Şimdi, yeni şeyler söylemek lazım…’’
Muhammed Celâleddîn-i Rumi (1207-1273)
Almanya ile Türkiye arasında işgücü anlaşması imzalanmasının üzerinden 60 sene geçti. Geriye bakınca, Almanya’ya geçimini temin etmek, istikbalini güvenceye almak için gelenlerin her biri belki yola çıkarken öngördükleri planları gerçekleştiremeseler de ayrı bir başarı öyküsü yazmış. Tek tek ele alındığında geçmişin yaşanmışlıklarından çıkan öyküleri dinlerken insanın gözleri yaşarıyor; duygu seline kapılmaması, yüreklerinin ısınmaması mümkün değil.
„İnsanın yüreği heybesidir“ derler. Her bir vatandaşımızın Türkiye’den ayrılmasıyla ilgili ayrı bir hikayesi, gönül heybelerinde biriktirdiği sermayeleri vardır kuşkusuz.

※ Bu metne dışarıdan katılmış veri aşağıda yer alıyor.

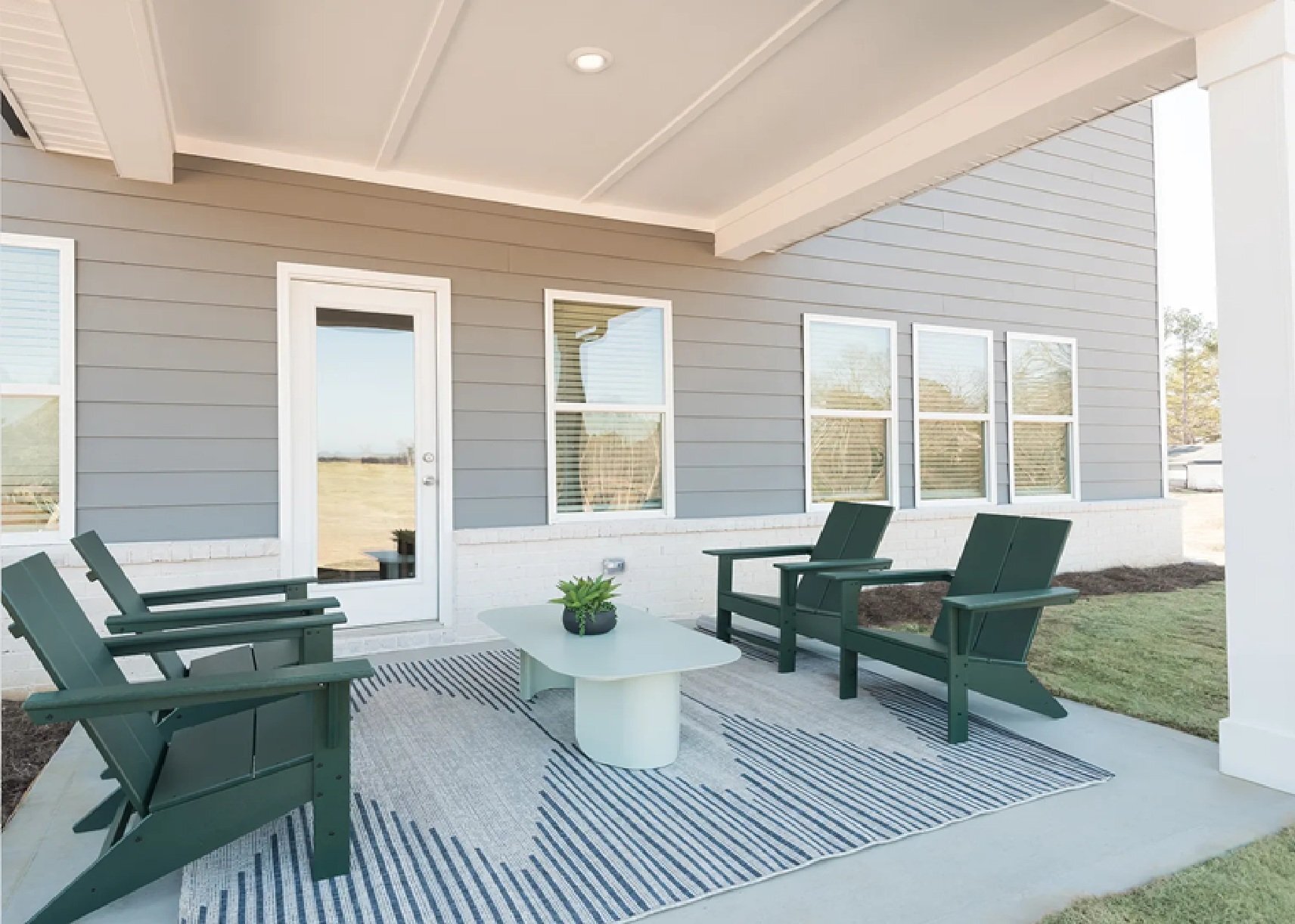 Building Photo - 866 Misty Holw Trl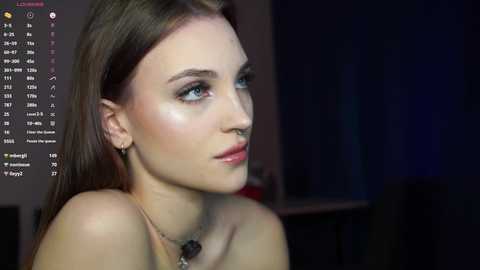 beckymadsons @ bongacams on 20260223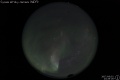 2007/9/2 23:29’26”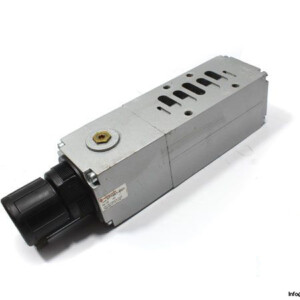 norgren-V71001-KD1-pressure-regulator-new-1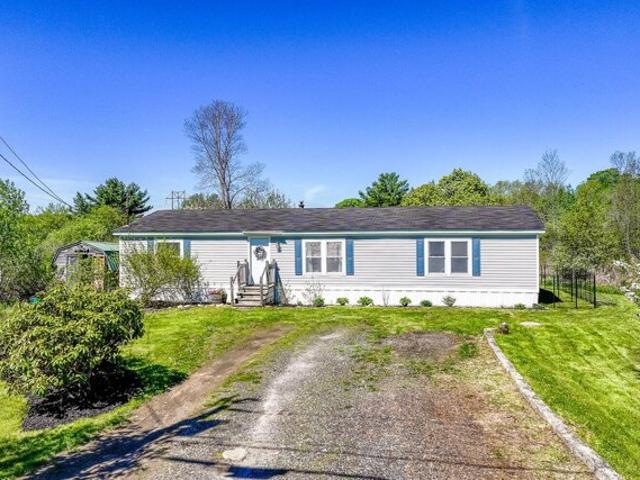 Property for sale in Rockland, Maine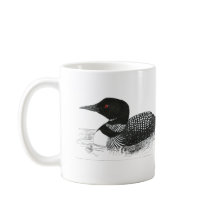 Tasse d'art de dingue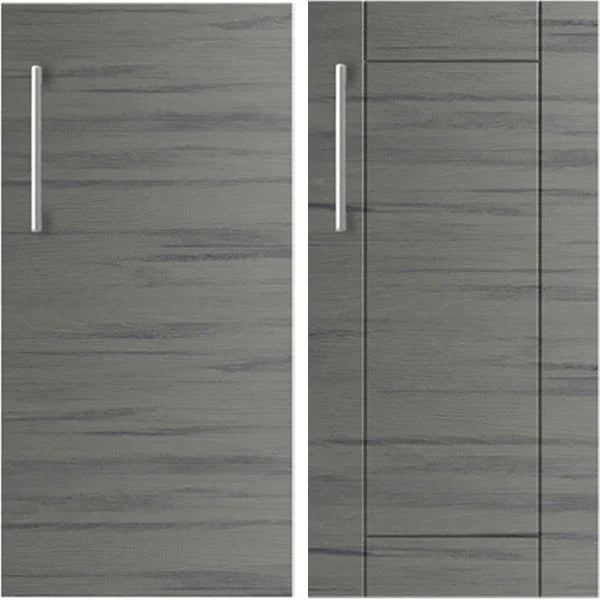 Outdoor Hibachi Table by Sunzout, Outdoor Griddle Table, Outdoor Teppanyaki Table - Sunzout Outdoor Spaces LLC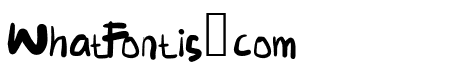 MANIESSEKALIE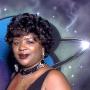 Shelia Scott Photo 20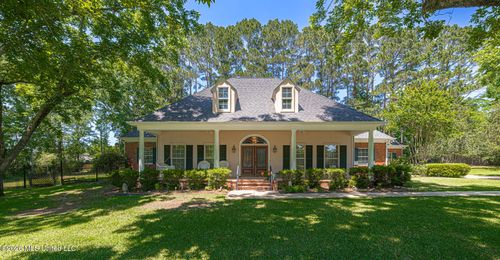 101 Shadia Drive, Clinton, MS, 39056 | Card Image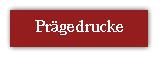 media/praegungen
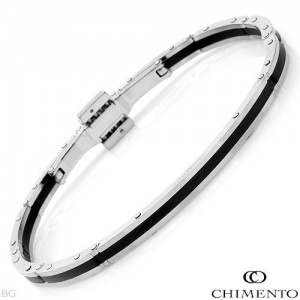 chimento men's bracelet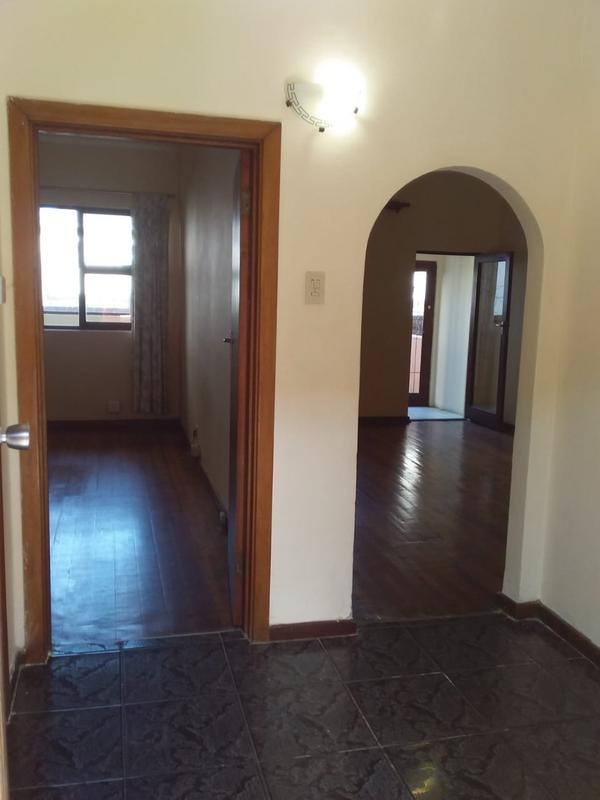 To Let 1 Bedroom Property for Rent in Port Elizabeth Eastern Cape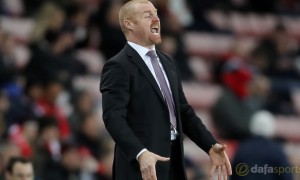 Burnley-manager-Sean-Dyche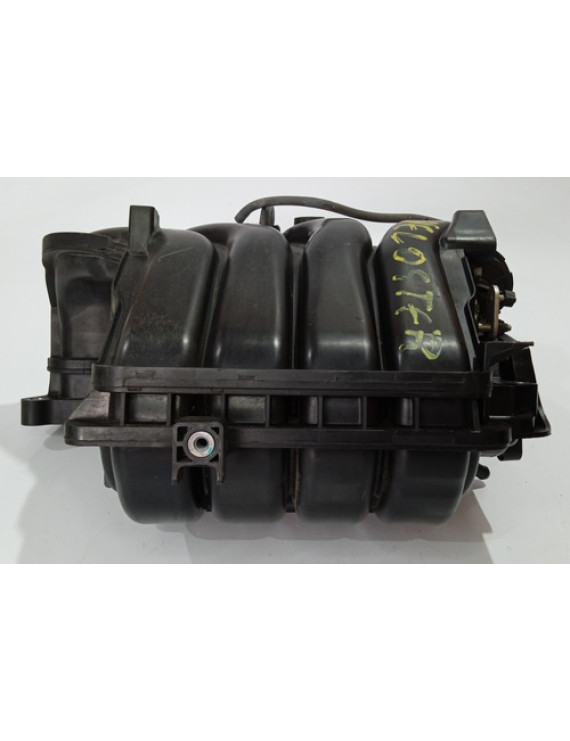 Coletor De Admissão Veloster 1.6 2013 2014 2015 2016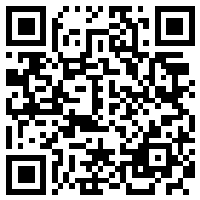 QR Code for bitcoin:litecoin:LT2MhPMFYVRjunjAMpHghEPuhrmBUdgsQc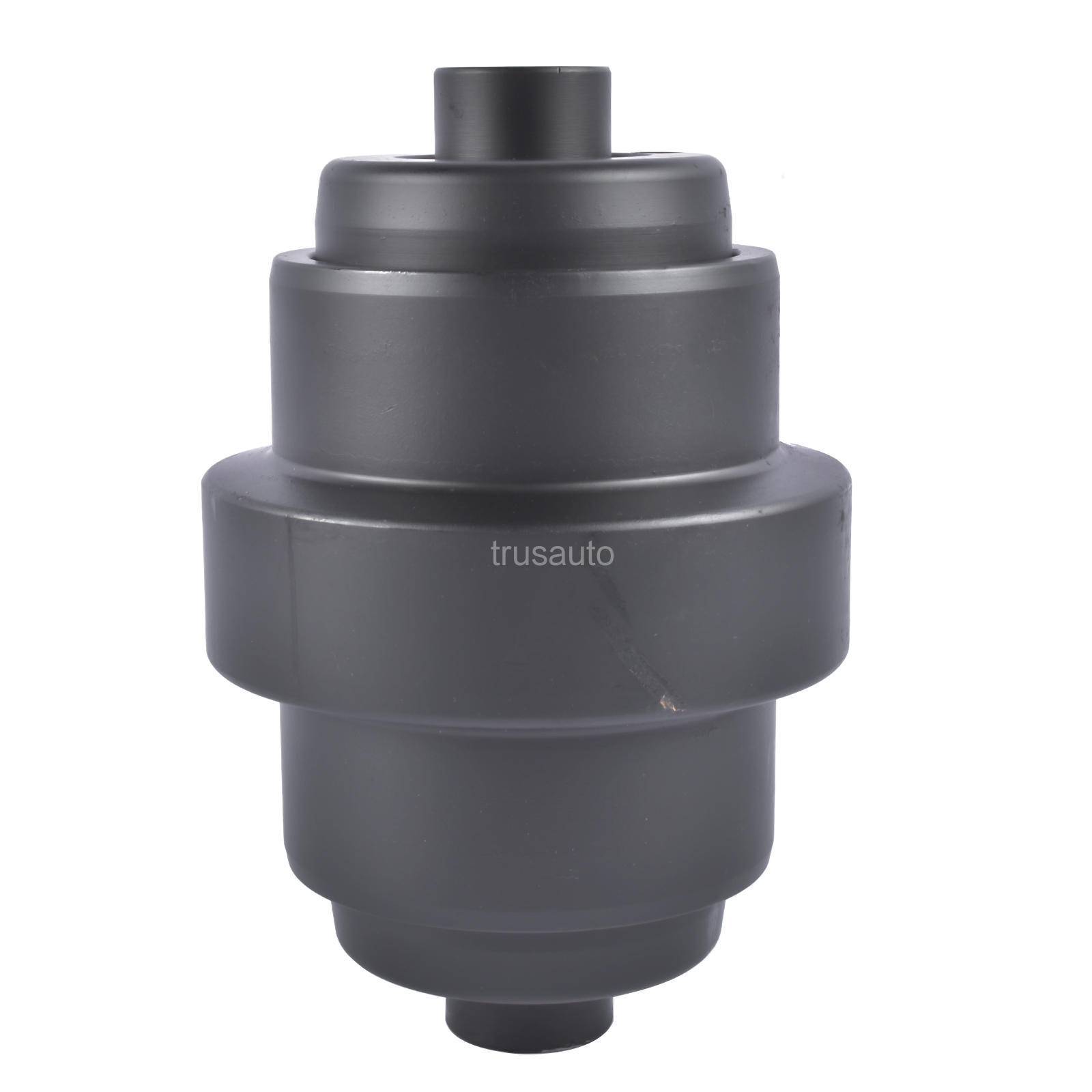 7279612, 6814890, 7013577, 681527, 6627724, 6807919, Bottom Roller, for Bobcat E45 E55 337 341 435 E50 341 G 435 E50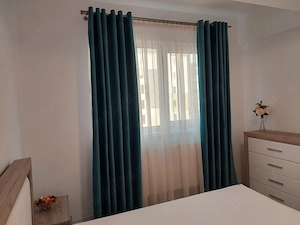  Inchiriere apartament 2 camere - imagine 3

Her bir ayrılış, yeni bir başlangıç yapmak için gösterilen azmin ve kararlılığın göstergesidir. Kolay değildir, insanın dilini ve kültürünü bilmediği bir ülkeye gidip hayat mücadelesi vermesi… Gel gör ki hayat bir arayıştır, sürekli bir arayış. Ümit dünyasında hayallerine ulaşmak isteyen onca insan bazen hayal kırıklığına uğruyor; içindeki heyecan sönüyor. Hayat, tam bitti dediği anda dünyanın cennet olmadığı gerçeği anlaşılıyor; cennet olsaydı vaat edilenin bir anlamının kalmayacağı için imtihan yeniden başlıyordu. Kader, hayır ve şerre olan inançla „kaderin gerçekleştiği anda, kaza vardır…“ deyip susuyordu.
Ünlü edebiyatçı Max Frisch uzun süre kaldığı İtalya’dan döndükten sonra izlenimlerini anlatıyordu. Zürih Gazetesi’nin hafta sonu ekine verdiği bir demeçte, „Biz işçi istedik, fakat insanlar çıktı geldi“ derken, günlük hayatın içinde sıradan işgörenler olarak görülen „misafir“ işçilerin kendi ülkelerinde bambaşka bir hayat tarzına sahip olduklarının bilinciyle tam da „… çünkü insan gönlündekilerden ibarettir“ deyişine uygun olarak hislerini ortaya koyuyordu.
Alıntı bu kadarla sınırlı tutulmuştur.